Homemade Utica Tomato Pie

(Central New York)

Not quite pizza and definitely not a pie you’d make for dessert, tomato pie is a Utica favorite. Unlike pizza, tomato pie is always served at room temperature. Roma Sausage & Deli, considered the place that put Utica tomato pie on the map, serves a classic version, with a chewy crust with just a bit of crunch, chunky tomato sauce, and a dusting of grated cheese. Every August, Roma and other local shops and bakeries compete for bragging rights at Tomato Pie Day in Utica, vying to win prizes for best sauce, best crust, and most unique version. Try to make your own tomato pie with this easy recipe.
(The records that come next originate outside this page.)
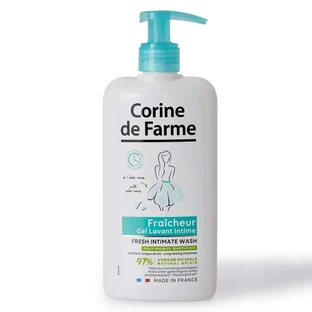 Corine De Farme Fresh żel do higieny intymnej, 250 ml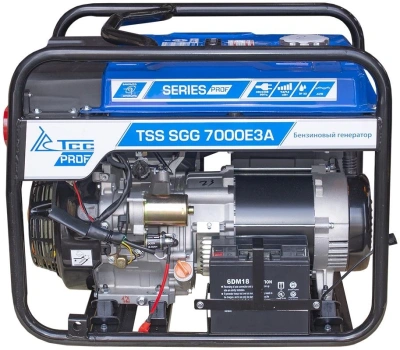Генератор ТСС SGG 7000E3A 7.5кВт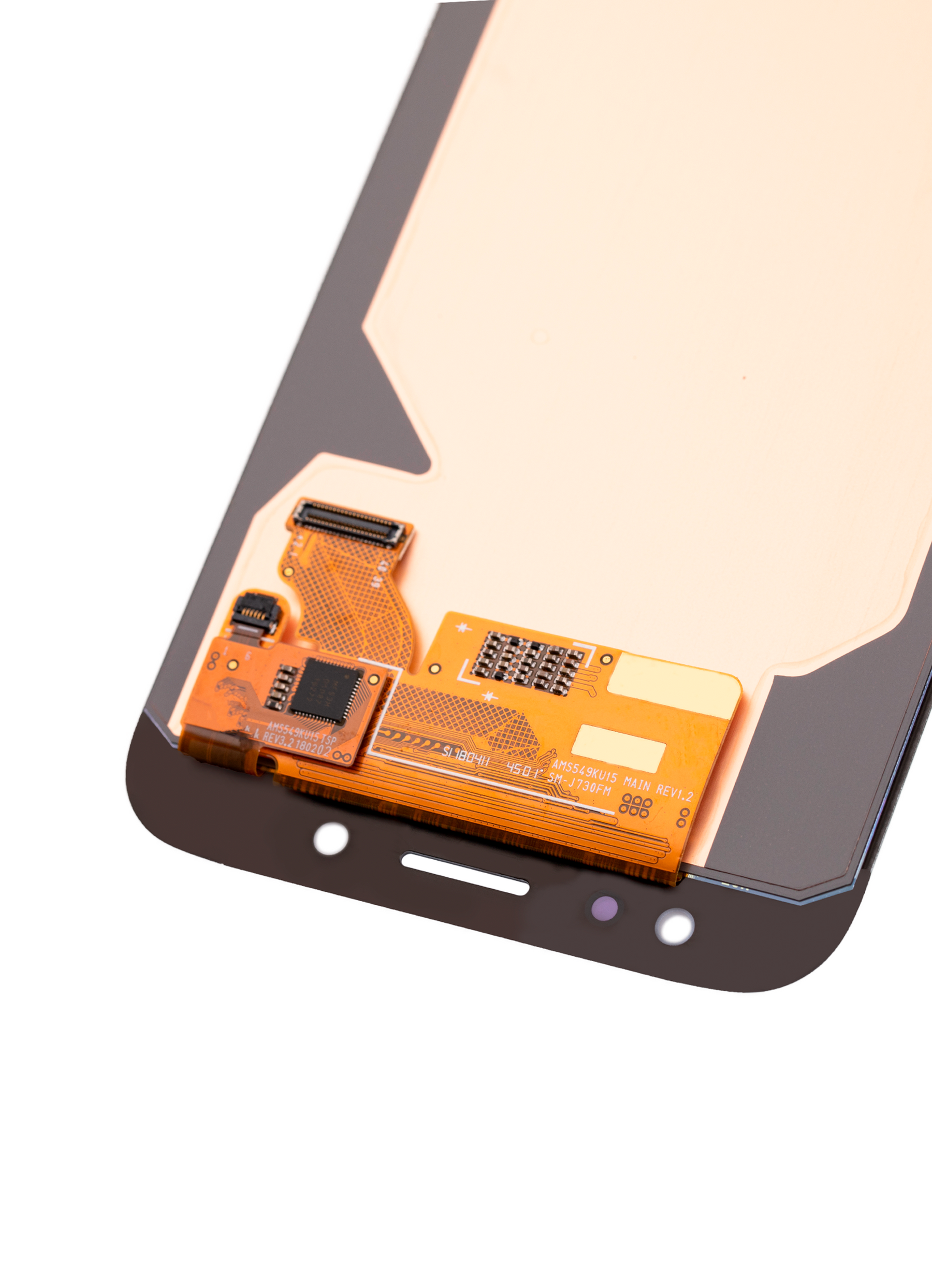 OLED Assembly Without Frame Compatible For Samsung Galaxy J7 / J7 Pro (J730 / 2017) (Aftermarket Plus) (Blue / Gray)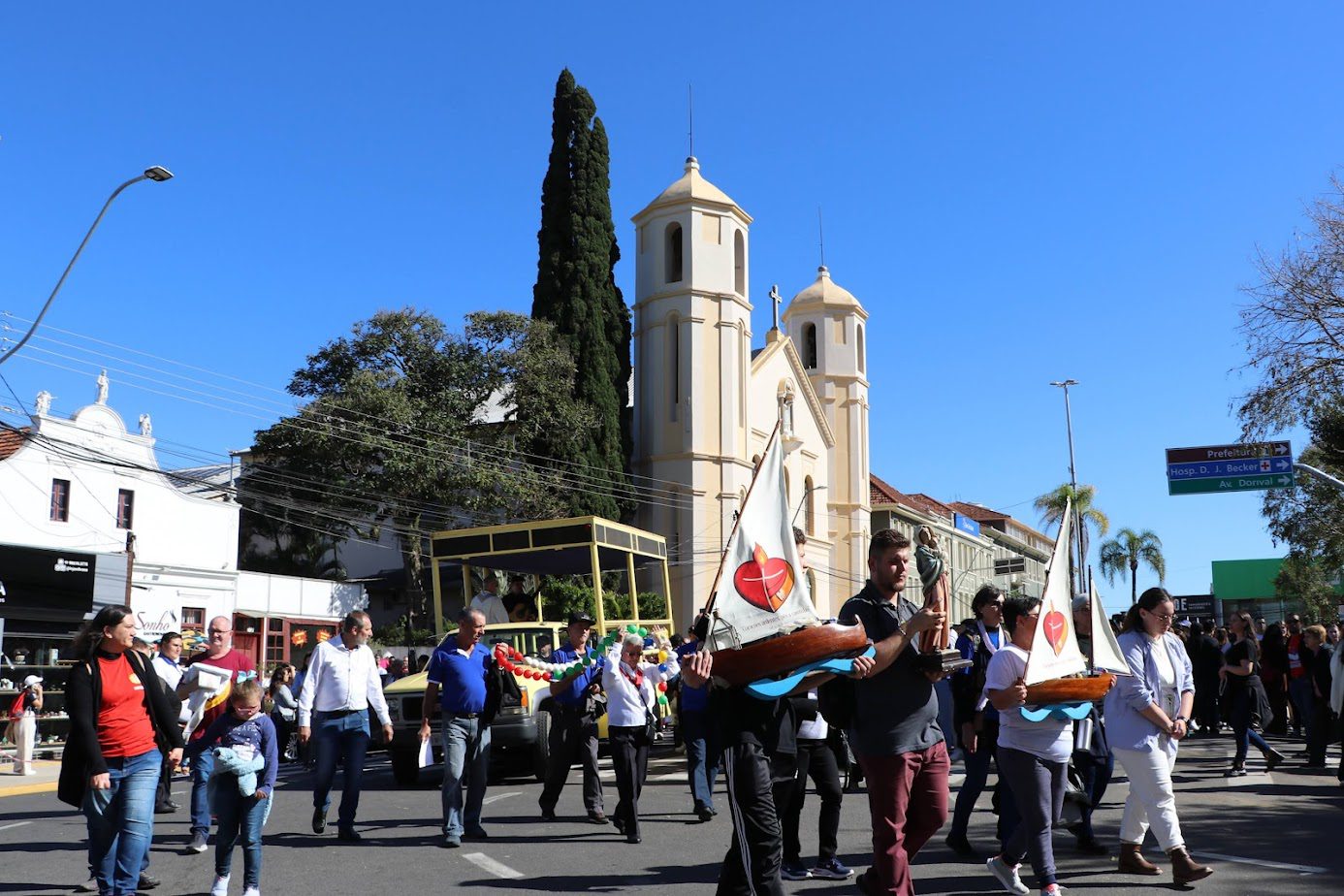 Gravataí sedia em agosto a Romaria Vocacional da Arquidiocese de Porto Alegre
It’s the perfect counter-top snack for hungry kids and adults alike. Click here for a downloadable, printable card featuring this recipe.​

Craft Beverage Pairing: Pinot Noir (wine); Amber Ale (beer)

Serves 4

Ingredients

For the tomato sauce:

2 cloves garlic, minced 
1 teaspoons olive oil 
2 cups (1 16-ounce can) crushed tomatoes 
1/4 cup tomato paste 
1 teaspoon salt 
1/2 teaspoon black pepper 
1 teaspoon dried basil 
2 teaspoons dried oregano

For the pie:

2 teaspoons instant yeast 
2 tablespoons sugar 
1 cup hot water 
3 1/2 cups all-purpose flour, more for dusting 
2 tsp. kosher salt 
1/3 cup extra virgin olive oil 
Parchment paper to coat sheet pan
Cornmeal to dust dough 
1-1.5 cups grated parmesan

You can purchase pre-made pizza dough, either fresh or frozen, at any grocery store.

Directions

Tomato sauce:

  1. In a large saucepan over low heat, cook garlic in olive oil until fragrant for about two minutes, being careful not to brown.
  2. Add crushed tomatoes, tomato paste, dried basil, dried oregano, salt and pepper, stirring occasionally.
  3. Simmer for approximately 30 minutes on low heat, remove from heat.

Tomato Pie: 

  1. Preheat the oven to 400 degrees Fahrenheit.
  2. Coat 1/2 sheet pan with cornmeal.
  3. In a bowl, combine yeast, sugar, and warm water, and gently whisk to combine. Let stand until foamy, about 10 minutes.
  4. Add 3/4 of the flour, extra virgin olive oil, and salt to the mixing bowl. Mix with a wooden spoon until most of the flour is incorporated, and the dough starts to release from the bowl. 
  5. Add some flour to your countertop and knead the dough for 5 minutes. 
  6. Form the dough into a round and place back in the mixing bowl. Coat the dough with oil and cover with plastic wrap. Place in a warm location for 30 minutes - 1 hour until the dough almost doubles in size.  
  7. Gently press dough towards the edges of the pan until it’s 1-inch thick and spreads to the rim. 
  8. Coat dough with oil, and use a fork to prick the surface of the dough. 
  9. Store in a warm place for 1 hour to let rise and double in size. 
  10. Coat dough with tomato sauce and bake for 10-15 minutes or until dough is cooked through. 
  11. Cut and garnish with parmesan.